When I got back here in April, I continued in the registration office, but hospitality efforts had gotten much more efficient and I started getting more support on retreat registration days, and it has been really good. I've been really good. I've been able to keep positive and stay happy doing hospitality. I don't know what happened yesterday. Some negative energy was around and with the largest retreat crowd I've been involved in (about 160 people), the registration office got so much support that I didn't have to do anything for most of the day. I ducked out right before dinner and did 45 minutes of sitting in the small hall amidst people arriving and registering right outside. With so much support, my role was more of a fallback, and as the evening wore on and there were less people arriving, I still hung out with the office manager waiting for people to show. Basically, I missed registration and ended up walking only one person to his room.

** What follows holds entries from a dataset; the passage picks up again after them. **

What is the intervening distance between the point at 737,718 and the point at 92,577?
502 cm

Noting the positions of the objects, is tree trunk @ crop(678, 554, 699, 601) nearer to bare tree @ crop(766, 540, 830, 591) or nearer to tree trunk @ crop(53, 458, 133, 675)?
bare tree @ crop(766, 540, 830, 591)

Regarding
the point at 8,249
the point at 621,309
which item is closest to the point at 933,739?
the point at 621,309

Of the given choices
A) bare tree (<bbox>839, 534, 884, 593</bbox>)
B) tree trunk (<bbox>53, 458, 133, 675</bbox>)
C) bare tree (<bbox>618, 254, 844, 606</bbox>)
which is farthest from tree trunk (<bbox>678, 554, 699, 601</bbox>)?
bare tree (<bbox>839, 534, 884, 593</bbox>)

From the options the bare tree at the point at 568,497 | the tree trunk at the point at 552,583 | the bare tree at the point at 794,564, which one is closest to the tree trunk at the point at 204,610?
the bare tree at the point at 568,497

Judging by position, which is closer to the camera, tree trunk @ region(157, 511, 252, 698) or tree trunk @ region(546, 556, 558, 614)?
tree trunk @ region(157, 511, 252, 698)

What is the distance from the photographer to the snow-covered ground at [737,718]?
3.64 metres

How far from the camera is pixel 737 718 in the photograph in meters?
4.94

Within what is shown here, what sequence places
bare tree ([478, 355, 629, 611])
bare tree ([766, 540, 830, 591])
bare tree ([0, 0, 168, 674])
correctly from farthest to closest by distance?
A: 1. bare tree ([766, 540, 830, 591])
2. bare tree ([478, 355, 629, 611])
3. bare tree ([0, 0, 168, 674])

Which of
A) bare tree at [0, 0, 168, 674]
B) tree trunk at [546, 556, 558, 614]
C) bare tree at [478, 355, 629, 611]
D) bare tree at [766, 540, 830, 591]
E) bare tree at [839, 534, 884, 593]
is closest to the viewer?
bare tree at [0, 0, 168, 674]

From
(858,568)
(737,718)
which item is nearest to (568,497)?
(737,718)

The monastics are aware of my crowd aversion, and some help me with it without making me uncomfortable. They're OK with me half-joking about disappearing for retreats (the half joking is the listening half, the half not joking is the speaking half). Although I am fully joking about booking nights at the Motel 6 downtown. I've always ended up making an effort to participate in activities during retreats. But 160 people? I'll take tomorrow as it comes.